The dramatic scene unfolded in April when former SNP chief executive Peter Murrell arrested at his home amid the ongoing police investigation into the party’s finances.
Police officers swarmed their home near Glasgow and put up a forensic tent in the couple’s front garden.
The structures are usually put up at the scene of violent crimes and one former police officer – now an SNP MP – said he had never seen one used while officers were investigating alleged financial crimes.
Allan Dorans, the SNP MP for Ayr, served as a police officer in London from 1972 to 1987.
He told The National: “In my 15-year career as a police officer in the Metropolitan Police, I never knew any occasions where a tent was erected during the search of premises in relation to the investigation of a case of alleged financial crime.”
It comes after we revealed the cost of the criminal investigation into the SNP now outweighed the sum at the heart of the questions facing the party.
The police probe was sparked by questions around whether the party had appropriately spent £600,000 earmarked for an independence referendum campaign.
To date, the police have spent in excess of £700,000, according to data obtained through a Freedom of Information request shared with this paper.
Gordon Jackson, a retired Royal Bank of Scotland employee, shared the information he received from Police Scotland.
He said police had questions to answer about the investigation and suggested the dramatic scenes outside the first minister’s house earlier this year were unnecessary.

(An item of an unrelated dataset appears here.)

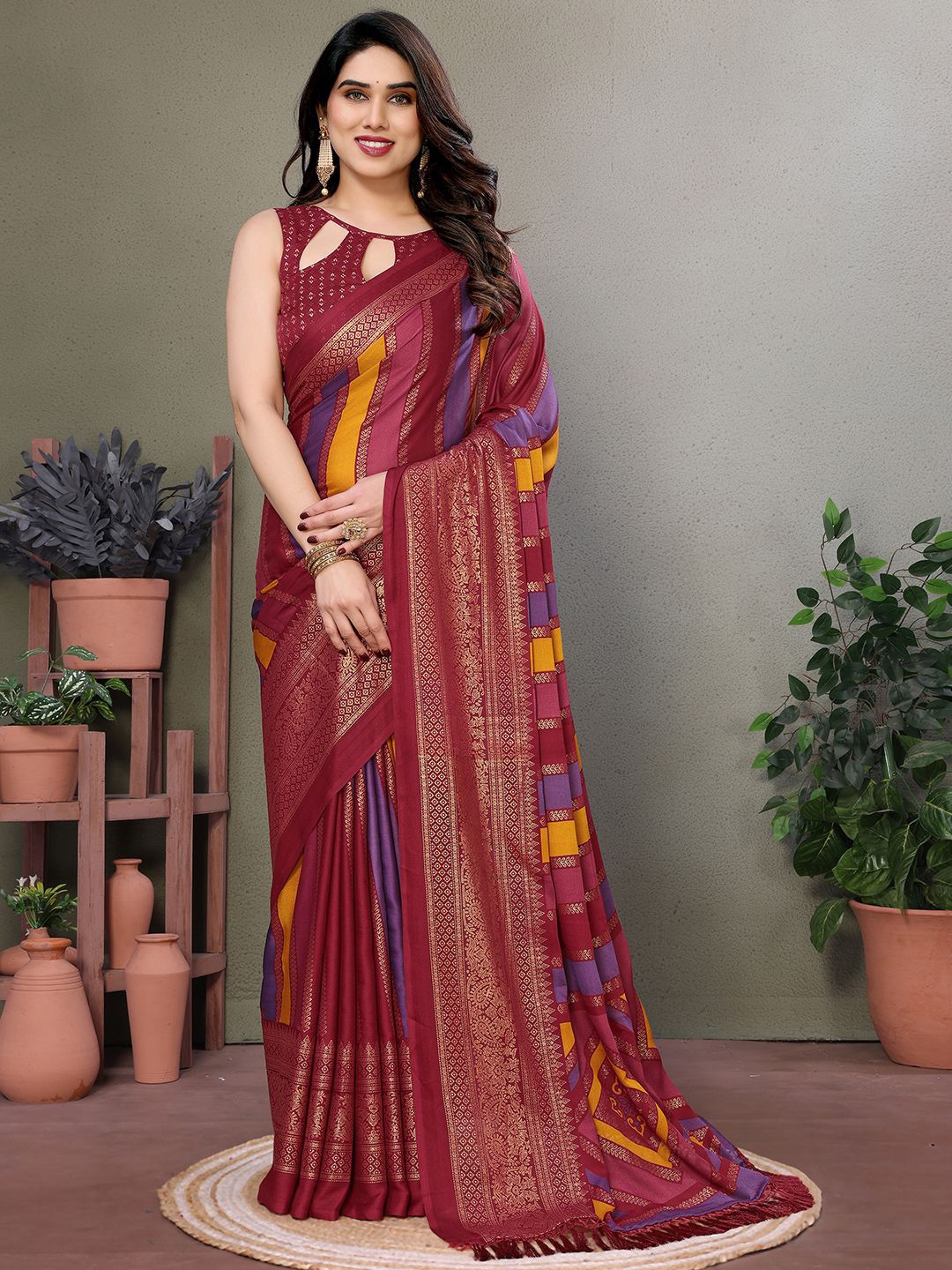 

LeeliPeeri Designer Striped Foil Work Saree With Unstitched Blouse Piece, Maroon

In his Freedom of Information request to Police Scotland, Jackson asked how many tents, gazeboes or temporary structures had been erected at the scene of alleged financial crimes since 2021.
The force said it did not hold the information requested, adding: “By way of explanation, Police Scotland do not collate information in this format.”
Jackson said: “The blue tent that appeared in people’s front gardens – have you ever seen them?
"Did you see them outside Ibrox, for example, when they were investigating the financial shenanigans there, which they blatantly made a complete mess off because it’s cost them £26 million in costs.
“They don’t do that."
It was reported in November last year the cost to the taxpayer of the Rangers wrongful prosecution scandal now stood at £50m, according to the Crown Office.
Jackson added: “That was a statement by Police Scotland about what they were doing. It was not in the public interest.”
It comes after SNP MSP James Dornan suggested police had colluded with the media to ensure their raid on Sturgeon and Murrell’s home was noticed.
He told The News Agents podcast: “The fact that the police and the media seem to have some kind of collusion about making sure the media are in attendance when the slightest thing happens, it’s like Fred West’s house, when they come to look for a paper trial.”
Police previously said the accusations were “untrue”.
Asked about Dornan’s comments by journalists at Holyrood on Thursday, SNP leader Humza Yousaf said: “I don’t believe that.”
Sturgeon and Murrell, as well as former party treasurer Colin Beattie have all been arrested and questioned by police as suspects in their investigation but so far all have been released without charge.
Speaking at a meeting of the Scottish Police Authority board in May, Chief Constable Iain Livingstone, the head of Police Scotland, chided politicians for casting aspersions on the probe.
“I would request, I would urge, all civic leaders – if offering any comment or thoughts on what is a live investigation, to act with prudence and responsibility,” he said before Sturgeon was arrested.
“Wholly inaccurate assertions and uninformed speculation will only serve to damage justice, infringe the rights of individuals and undermine the rule of law.”